Chikahiro, di sisi lain, adalah potret perlawanan yang sunyi tapi konsisten. Seorang koki ramen, yang sejak Februari 2024 meninggalkan kenyamanan restorannya setiap minggu untuk berdiri di depan Kedutaan Isra-hell di Tokyo. Dengan tangan memegang papan bertuliskan "Stop Genocide" dan suara serak meneriakkan tuntutan keadilan, ia berdiri sendirian. Hujan, panas, tekanan polisi—tak membuatnya berhenti. Protesnya menjadi ritual mingguan, satu perlawanan kecil yang kini disorot dunia internasional. Ia tidak berbicara banyak, tapi aksinya berbicara lebih lantang dari khotbah para penguasa.
Sementara itu, istana-istana Arab tetap gemerlap. Pertemuan bisnis dengan perwakilan Isra-hell tetap berlangsung. Jet pribadi lepas landas ke London, Paris, dan Washington dengan membawa portofolio investasi, bukan bantuan kemanusiaan. Dan ketika rumah sakit di Rafah dibombardir IOF, para raja sibuk mempromosikan pariwisata halal dan menandatangani kesepakatan dagang. Nurani digadaikan demi kestabilan ekonomi dan foto bersama pejabat dunia.
Apa yang membuat dua orang non-Muslim ini bisa lebih berani daripada mereka yang mengaku sebagai pelindung umat? Apakah karena mereka tak memiliki beban kekuasaan? Atau justru karena mereka punya satu hal yang tak dimiliki para penguasa itu: keberanian moral?
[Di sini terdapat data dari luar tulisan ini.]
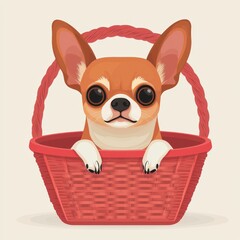 Cute Chihuahua Dog Sitting in a Red Woven Basket in Cartoon Style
Greta dan Chikahiro tidak membawa senjata. Mereka hanya membawa suara. Dan suara itu, ternyata, lebih memekakkan telinga daripada dentuman bom, karena suara mereka menusuk diam para raja. Mereka adalah pengingat bahwa kadang kebenaran datang bukan dari dalam rumah sendiri, tapi dari luar pagar, dari mereka yang tidak diundang tapi tahu kapan harus bicara.
Para penguasa Arab mungkin lupa bahwa sejarah tidak ditulis oleh mereka yang duduk manis di singgasana, tapi oleh mereka yang berdiri saat yang lain membungkuk. Filistin tidak butuh simpati pasif. Ia butuh solidaritas aktif. Tapi yang datang justru investor, bukan pembela.
Di antara suara-suara diam yang menggema di aula-aula istana, suara Greta dan Chikahiro seperti lonceng kebangkitan kecil. Mereka bukan nabi. Tapi kadang, suara kecil di padang sunyi lebih tulus daripada khotbah megah di mimbar yang dijaga tentara.
Dan mungkin, di masa depan, anak-anak Filistin akan mengenang bahwa di masa gelap itu, ada dua orang asing yang bersuara ketika dunia Arab memilih untuk diam. Itu pun sudah cukup untuk menuliskan satu babak kecil dalam buku panjang tentang kemanusiaan yang tak kenal batas agama, paspor, atau kepentingan geopolitik.